Exemple d’une autre espèce. Il n’y aurait rien de si ridicule qu’un homme peint en habit neuf au sortir de chez son tailleur, ce tailleur fût-il le plus habile homme de son temps. Mieux un habit collerait sur les membres, plus la figure aurait la figure d’un homme de bois. Outre ce que le peintre perdrait du côté de la variété des formes et des lumières qui naissent des plis et du chiffonnage des vieux habits, il y a encore une raison qui agit en nous sans que nous nous en apercevions, c’est qu’un habit n’est neuf que pendant quelques jours et qu’il est vieux pendant longtemps, et qu’il faut prendre les choses dans l’état qu’elles ont d’une manière la plus durable. D’ailleurs il y a dans un habit vieux une multitude infinie de petits accidents intéressants, de la poudre, des boutons manquants et tout ce qui tient de l’user ; tous ces accidents rendus réveillent autant d’idées et servent à lier les différentes parties de l’ajustement ; il faut de la poudre pour lier la perruque avec l’habit.

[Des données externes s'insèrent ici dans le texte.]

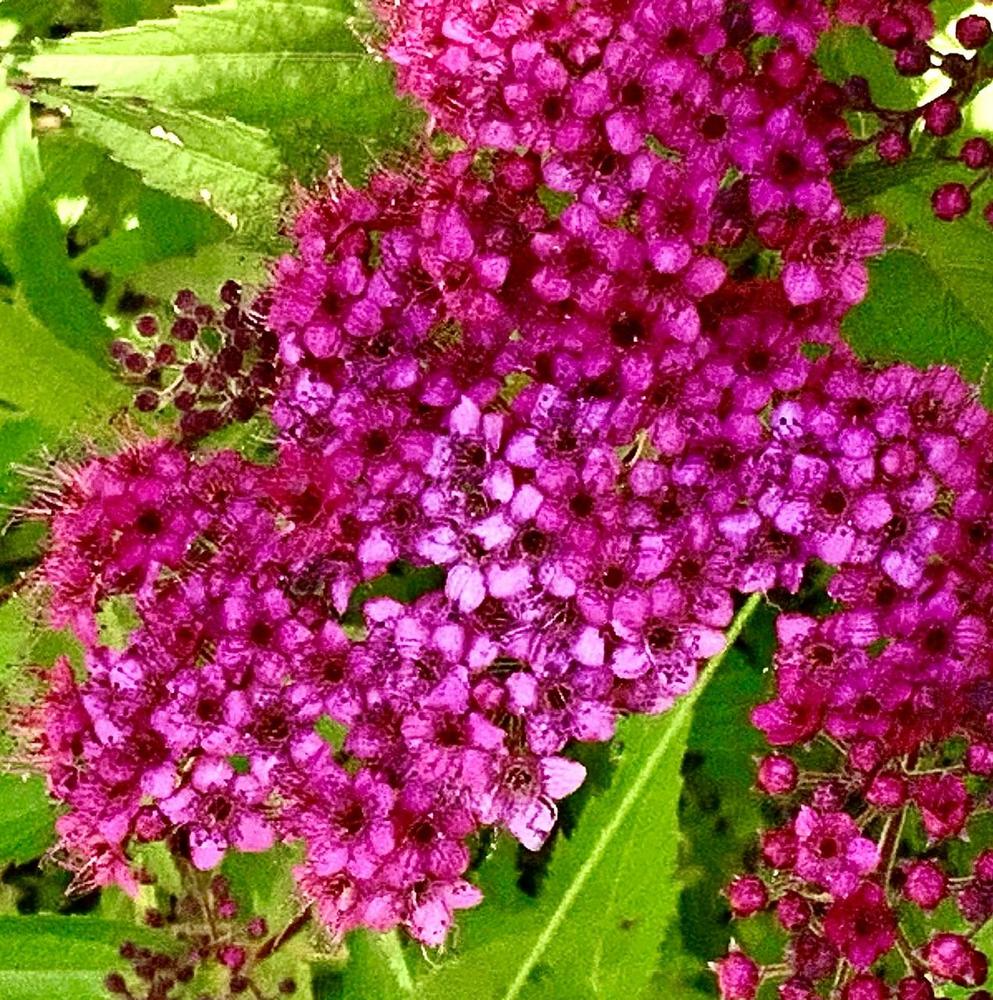 Photo of Japanese Spirea (Spiraea japonica 'Dolchica') uploaded by bumplbea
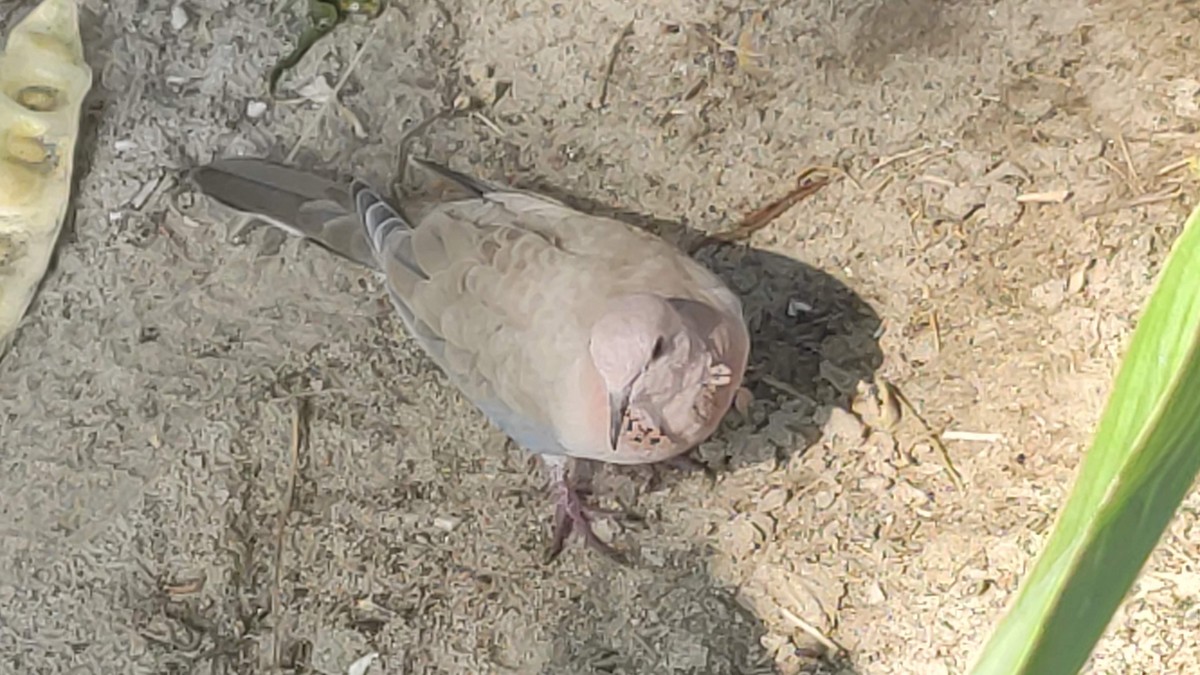 Laughing Dove - ML646294913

Un jeune homme fut consulté par sa famille sur la manière dont on voulait qu’on fît peindre son père ; c’était un ouvrier en fer. Mettez-lui, dit-il, son habit de travail, son bonnet de forge, son tablier ; que je le voie à son établi avec une lancette à la main ou autre ouvrage qu’il éprouve ou qu’il repasse, et surtout n’oubliez point de lui faire mettre ses lunettes sur le nez. Ce projet ne fut point suivi. On lui envoya un beau portrait de son père, en pied, avec une belle perruque, un bel habit, de beaux bas, une belle tabatière à la main. Le jeune homme qui avait du goût et de la vérité dans le caractère, dit à sa famille en la remerciant : Vous n’avez rien fait qui vaille, ni vous, ni le peintre. Je vous avais demandé mon père de tous les jours, et vous ne m’avez envoyé que mon père des dimanches…

C’est par la même raison que M. de La Tour, si vrai, si sublime d’ailleurs, n’a fait du portrait de M. Rousseau qu’une belle chose au lieu d’un chef-d’œuvre qu’il en pouvait faire. J’y cherche le censeur des lettres, le Caton et le Brutus de notre âge, je m’attendais à voir Epictete en habit négligé, en perruque ébouriffée, effrayant par son air sévère les littérateurs, les Grands et les gens du monde, et je n’y vois que l’auteur du Devin du village bien habillé, bien peigné, bien poudré et ridiculement assis sur une chaise de paille ; et il faut convenir que le vers de Marmontel dit très bien ce qu’est M. Rousseau et ce qu’on devrait trouver et ce qu’on cherche en vain dans le tableau de M. de La Tour.

On a exposé dans le Salon un tableau de la Mort de Socrate qui a tout le ridicule qu’une composition de cette espèce pouvait avoir : on y fait mourir sur un lit de parade le philosophe le plus austère et le plus pauvre de la Grece. Le peintre n’a pas conçu combien la vertu et l’innocence prêtes d’expirer au fond d’un cachot sur un lit de paille, sur un grabat, faisaient une représentation pathétique et sublime.